Intervention de Bernard Cazeneuve

Séance en hémicycle du 13 décembre 2013 à 15h00
Loi de finances pour 2014 — Mission anciens combattants mémoire et liens avec la nation

Bernard Cazeneuve, ministre délégué chargé du budget :

Je veux, sur cette proposition du rapporteur général, apporter des précisions. D’abord, le ministère en charge des anciens combattants a été amené à participer, comme l’ensemble des ministères, à l’effort nécessaire au redressement des finances publiques.
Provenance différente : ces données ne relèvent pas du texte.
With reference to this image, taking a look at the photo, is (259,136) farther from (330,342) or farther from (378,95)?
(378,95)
Il l’a fait avec le souci de préserver au mieux les droits des anciens combattants, voire d’en créer de nouveaux. Il a donc été décidé de faire porter une partie de cet effort sur les majorations spécifiques que verse l’État sur les rentes mutualistes.

Cette décision, je veux beaucoup insister sur ce point parce qu’il est important qu’on le conserve à l’esprit, a été prise en concertation avec les principales mutuelles, telles que la CARAC et l’Union mutualiste retraite, organismes qui représentent plus de 60 % des bénéficiaires des rentes mutualistes.
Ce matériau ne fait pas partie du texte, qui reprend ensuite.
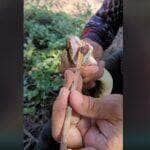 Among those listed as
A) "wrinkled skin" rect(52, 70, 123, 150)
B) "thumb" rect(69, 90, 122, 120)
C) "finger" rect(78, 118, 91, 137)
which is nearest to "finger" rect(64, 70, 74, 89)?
"wrinkled skin" rect(52, 70, 123, 150)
Je rappelle par ailleurs que les rentes mutualistes, à l’origine conçues comme un dispositif permettant de compenser l’impossibilité pour les militaires de se constituer une retraite pendant leurs années de mobilisation, s’apparentent aujourd’hui davantage à un produit d’assurance-vie particulièrement avantageux. En effet, cumulable avec toutes les autres pensions et retraites, la rente mutualiste permet de bénéficier à partir de cinquante ans d’un triple avantage : déductibilité des versements à l’entrée, non-imposition des rentes et bénéfice des majorations de l’État.

Aussi, le décret du 24 septembre 2013, consistant à réduire de 20 % les seules majorations spécifiques, permet tout à la fois de préserver le dispositif, sans modification du régime fiscal favorable associé alors même que de nombreux avantages fiscaux sont remis en cause, de dégager une économie de 9,7 millions d’euros en 2014, mais aussi et surtout de près de 30 millions d’euros l’année suivante.

Cette mesure transitoire sécurise dans la durée le montant de l’abondement budgétaire versé par l’État, qui sera ainsi de 255 millions en 2014, soit le même montant qu’en loi de finances pour 2011 et 2012 et que la prévision d’exécution budgétaire pour 2013. En outre, je veux rappeler que la mise en oeuvre de cette mesure sera évaluée dans le cadre d’un comité de suivi.

Enfin, cet amendement revient à réduire de moitié les crédits alloués hors titre II à la Journée défense citoyenneté dans le cadre du projet de loi de finances pour 2014. En supprimant des crédits alloués à la Journée défense et citoyenneté, on vide totalement celle-ci de sa substance, interdisant ainsi la sensibilisation de plusieurs centaines de milliers de jeunes aux enjeux de la défense de notre pays.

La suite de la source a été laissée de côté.